═════ Source material

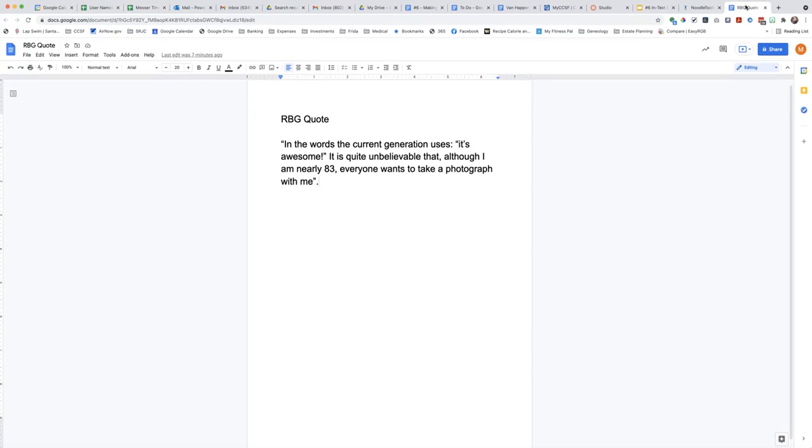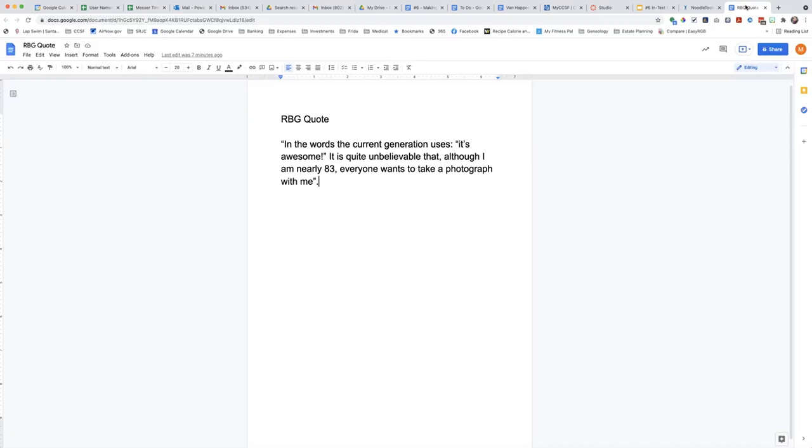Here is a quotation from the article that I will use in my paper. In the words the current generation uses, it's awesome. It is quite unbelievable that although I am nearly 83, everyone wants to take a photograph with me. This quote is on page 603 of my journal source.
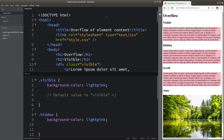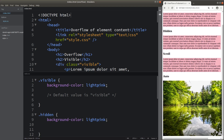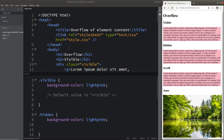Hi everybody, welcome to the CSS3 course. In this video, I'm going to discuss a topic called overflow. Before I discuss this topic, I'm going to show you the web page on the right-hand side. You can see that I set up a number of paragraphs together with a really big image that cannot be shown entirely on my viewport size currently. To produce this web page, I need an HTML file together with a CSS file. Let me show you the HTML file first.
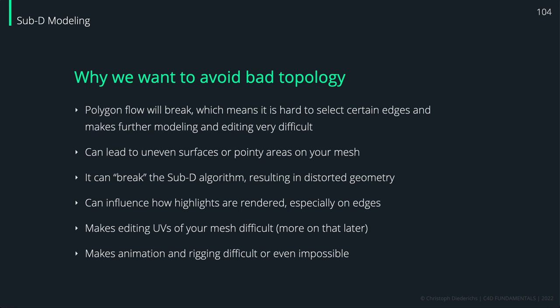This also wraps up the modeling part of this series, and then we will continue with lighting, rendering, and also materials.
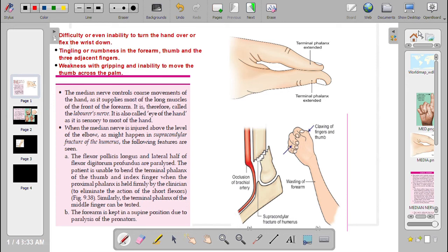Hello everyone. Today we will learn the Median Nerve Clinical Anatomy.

══════════
═════ Source material

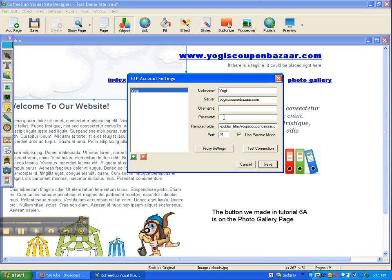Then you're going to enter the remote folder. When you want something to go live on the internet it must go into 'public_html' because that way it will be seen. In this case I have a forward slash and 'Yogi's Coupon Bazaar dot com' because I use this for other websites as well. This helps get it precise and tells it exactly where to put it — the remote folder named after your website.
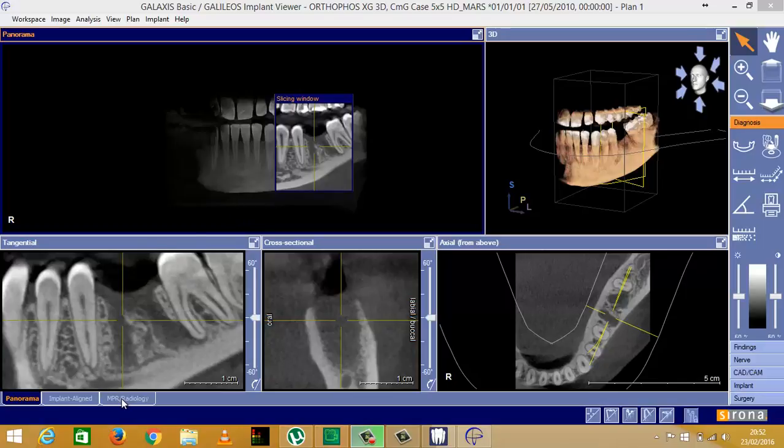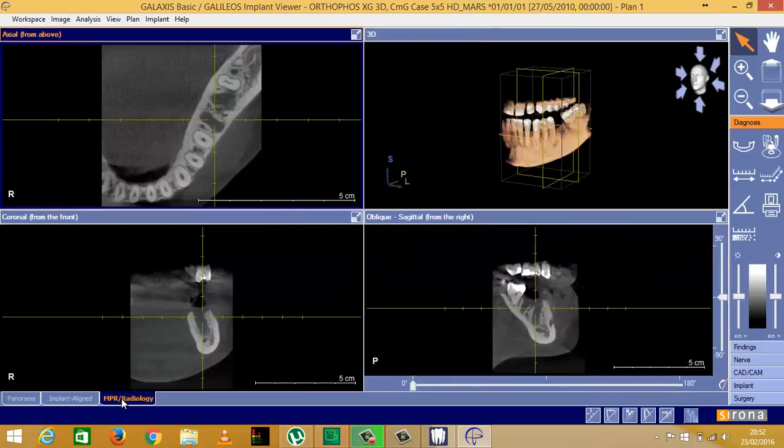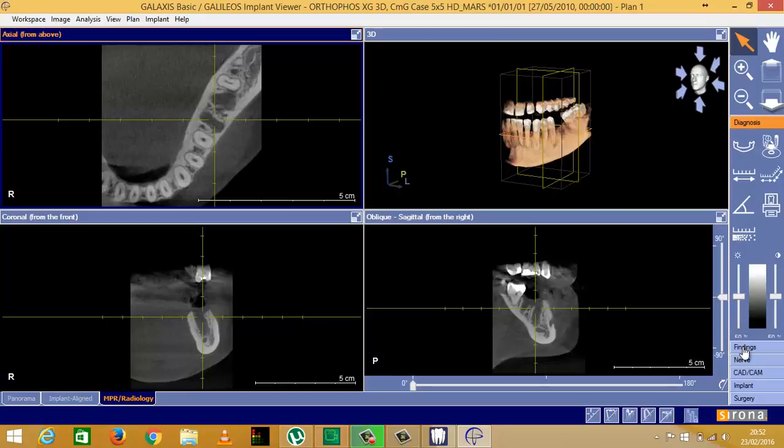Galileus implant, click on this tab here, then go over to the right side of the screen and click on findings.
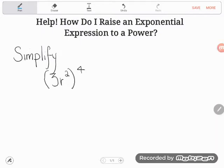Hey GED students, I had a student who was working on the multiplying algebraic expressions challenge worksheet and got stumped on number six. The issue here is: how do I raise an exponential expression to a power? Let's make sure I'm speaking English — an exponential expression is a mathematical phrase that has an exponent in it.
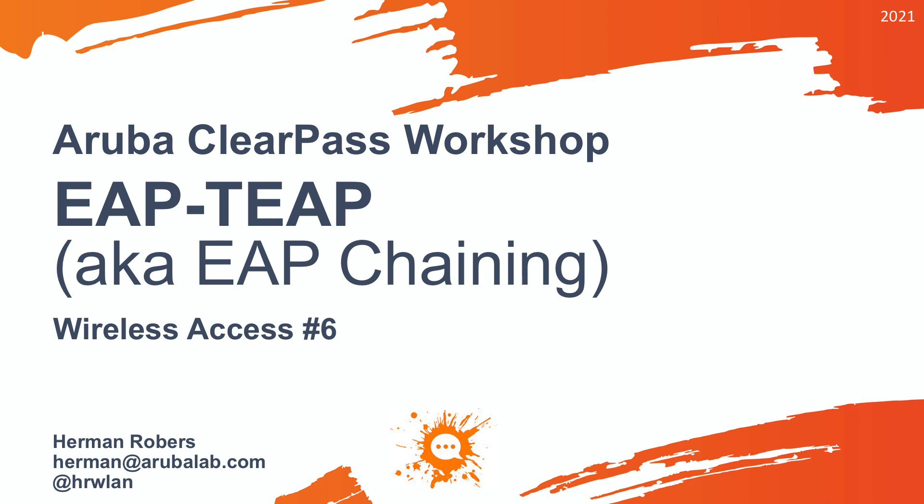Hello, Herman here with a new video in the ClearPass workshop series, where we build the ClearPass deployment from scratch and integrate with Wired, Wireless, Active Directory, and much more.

══════════

### Exercise:
In the records above, find the line containing "Galileus implant, click" and the line containing "Hey GED students, I", then give both of them again word for word along with every line between. Omit any pictures.

### Answer for the task:
Galileus implant, click on this tab here, then go over to the right side of the screen and click on findings.
Hey GED students, I had a student who was working on the multiplying algebraic expressions challenge worksheet and got stumped on number six. The issue here is: how do I raise an exponential expression to a power? Let's make sure I'm speaking English — an exponential expression is a mathematical phrase that has an exponent in it.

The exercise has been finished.